Titular da Justiça nos governos JK e Geisel morreu em sua casa, no Rio de Janeiro, vítima de uma broncopneumonia<

Ele comandou a elaboração do "Pacote de Abril", com alterações eleitorais para tentar frear o avanço da oposição ao regime militar


DA SUCURSAL DO RIO

Criador da lei que limitava a propaganda eleitoral na TV a exibição de foto com narração do currículo do candidato para evitar críticas à ditadura militar, morreu anteontem Armando Ribeiro Severo Falcão, 90, ministro da Justiça nos governos de Juscelino Kubitschek (1956-1961) e de Ernesto Geisel (1974-1979).
Vítima de broncopneumonia, Falcão - que tinha "nada a declarar" como expressão predileta durante o regime de exceção- morreu por volta das 23h30, em sua casa, na zona sul do Rio.
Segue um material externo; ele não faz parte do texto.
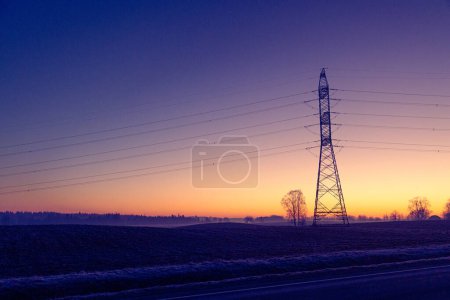 A beautiful morning scenery of an industrial construction against the sky. Early winter scenery of Northern Europe.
Foi enterrado ontem no cemitério São João Batista, em cerimônia restrita a familiares.
Segundo amigos, Falcão gostava de relembrar os tempos em que atuou na política nacional. "Foi um homem público que teve a sua marca. Era um contador de histórias", disse José Armando Bezerra Falcão, um dos seis filhos do ministro.
"Era um homem lúcido, que gostava de fazer recordações. Uma pessoa de agradável convivência", afirmou o general Leônidas Gonçalves, ministro do Exército no governo Sarney, que diz ter passado a ter contato com Falcão só após o afastamento de ambos da política.
Na avaliação da cientista política Maria Celina D'Araújo, Falcão "é um personagem que nos ajuda a refletir o Brasil".
"É uma figura para entender que não tivemos uma ditadura militar. Foi militar com uma vertebração civil muito forte. Nela, ele foi o nervo central, foi a expressão civil mais acabada do golpe e do governo. Ele foi o porta-voz da linha-dura até o final", disse ela.
Armando Falcão era cearense de Fortaleza. Foi um dos articuladores da candidatura de JK à Presidência e depois ministro da Justiça de seu governo entre 1959 e 1961. Voltou ao posto no governo Geisel.

Lei Falcão
A pedido do então presidente, comandou a elaboração do projeto de lei para a fusão dos Estados da Guanabara e do Rio de Janeiro, que passaria a vigorar em 15 de março de 1975, e o conjunto de leis que se tornou conhecido por "Pacote de Abril", de 1977, com alterações eleitorais para tentar frear o avanço dos candidatos de oposição ao regime militar.
Entre elas estava a chamada Lei Falcão, regulamentação da propaganda eleitoral no rádio e na televisão que, para impedir críticas em meios de massa ao governo, limitava os candidatos a exibirem foto e currículo.
Em 1989, publicou um livro de memórias com o título, "Tudo a Declarar" (Nova Fronteira), gracejo com a frase "nada a declarar", que caracterizara sua relação com a imprensa quando ministro de Geisel e se recusava a comentar o que considerasse confidencial ou polêmico.

Democracia e censura
Em entrevistas à época do lançamento, expôs sua visão do poder, na qual dizia-se um democrata a seu modo: "Democrata que não dorme de touca. Democrata que defende a democracia, sem deixar o inimigo dela segurar o cabo da faca."
Tendo comandado a censura a diversos órgãos de imprensa, dizia-se contrário à reimplantação eventual de qualquer restrição desse tipo. "Porque é impossível fazer uma censura política adequada, satisfatória e aceitável. Em segundo lugar, porque a censura impede a fiscalização pela imprensa da administração pública."
Ainda em 1989, instado a comentar a candidatura de Luiz Inácio Lula da Silva à Presidência na eleição daquele ano, criticou duramente o petista. "Um cidadão inteiramente despreparado para o exercício do posto", afirmou então.